I learned a lot in the years on my own. If a client needed a Google Ad, I didn’t say “I’m sorry, I don’t know how to do that.” I read up on it and learned – created an account and failed… until I didn’t. If I hadn’t built an affiliate network, I bought a book and some software and stayed up until 2 in the morning figuring it out. I called mentors and hired old friends. I built teams for each project and learned how to pick the right ones. I was doing a lot of things, and doing them barely well enough… I knew that wasn’t fair to the clients, or to me. So, I pumped the brakes on the travel writing gig – it paid crap anyway. At least that’s what I told myself. No more 2 week stints island hopping in the South Pacific, no more paddling the Sea of Cortez with the sea lions, no more climbing Cotopaxi and learning Spanish in Ecuador… I needed focus. I needed to stay home and figure out how to be a good business owner. And, I knew for sure I couldn’t do it on my own.
After pairing up with the infamous Chad Webb, we were off and running with CrowdSouth. We were able to split the roles, which was a relief for me. He took on the things he was great at, and I did the same. We’ve learned a lot in these 9 years. Partnerships are tricky, but such a catalyst for growth. Initially, we were everything to everyone – Bad Idea. Any good business owner knows that niching is the recipe for a quality product. Do fewer things. Do them well. And pair up with good partners who can handle the rest. At this point we focus on what we consider larger scale clients, we snap in as a marketing team or compliment their existing team. We focus on digital marketing – Social – Sites – Search. We are comfortable telling a client they are not right for us, and we are not right for them. We are getting better all the time. We run marketing campaigns in all 50 states, at least 4 countries, and manage more money in marketing budgets than I would ever have been comfortable with back when I was considering a marketing degree and listening to Coolio at the frat house.

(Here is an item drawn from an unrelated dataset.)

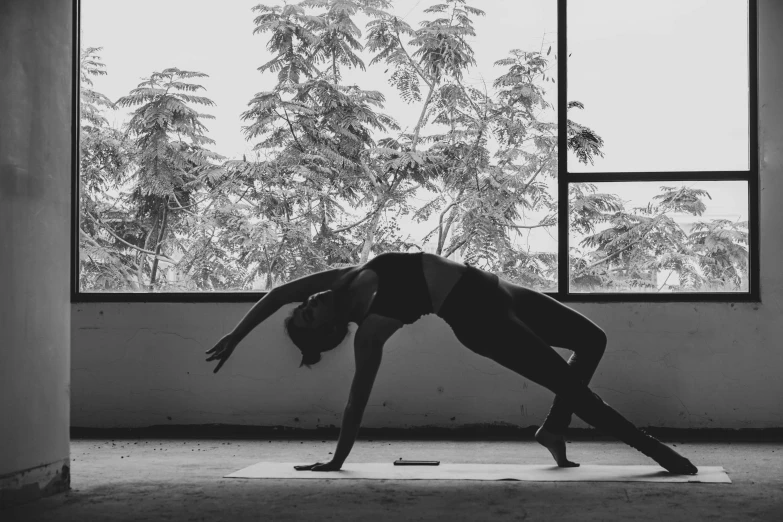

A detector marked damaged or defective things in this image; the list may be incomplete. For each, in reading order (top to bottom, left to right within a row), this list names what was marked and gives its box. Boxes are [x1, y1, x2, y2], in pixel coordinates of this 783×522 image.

I have no plans of slowing down. I want to give more back to my community – they made me who I am, right?! I do have plans to continue to focus more intently, however. To let go of some things. These 25 years have taught me that a marketer should always surround themselves with better marketers, specialists, and badasses. Dig in and learn it all. Find and hone in on what you are good at, and shed what you’re not.
Thank you to all my mentors and confidants over the years. I am one lucky human to have had that support and expertise in the marketing world that I’ve had access to. I’ve not been great at much, but I’ve been good enough at plenty of things, and that has opened the door far more times than I deserve.

By Jason Heflin
Jason Heflin is one of CrowdSouth’s owning Partners and brings years of marketing experience from his past lives as a corporate marketing manager, writer, and freelancer. He also plays the ukulele for fun, which is cool.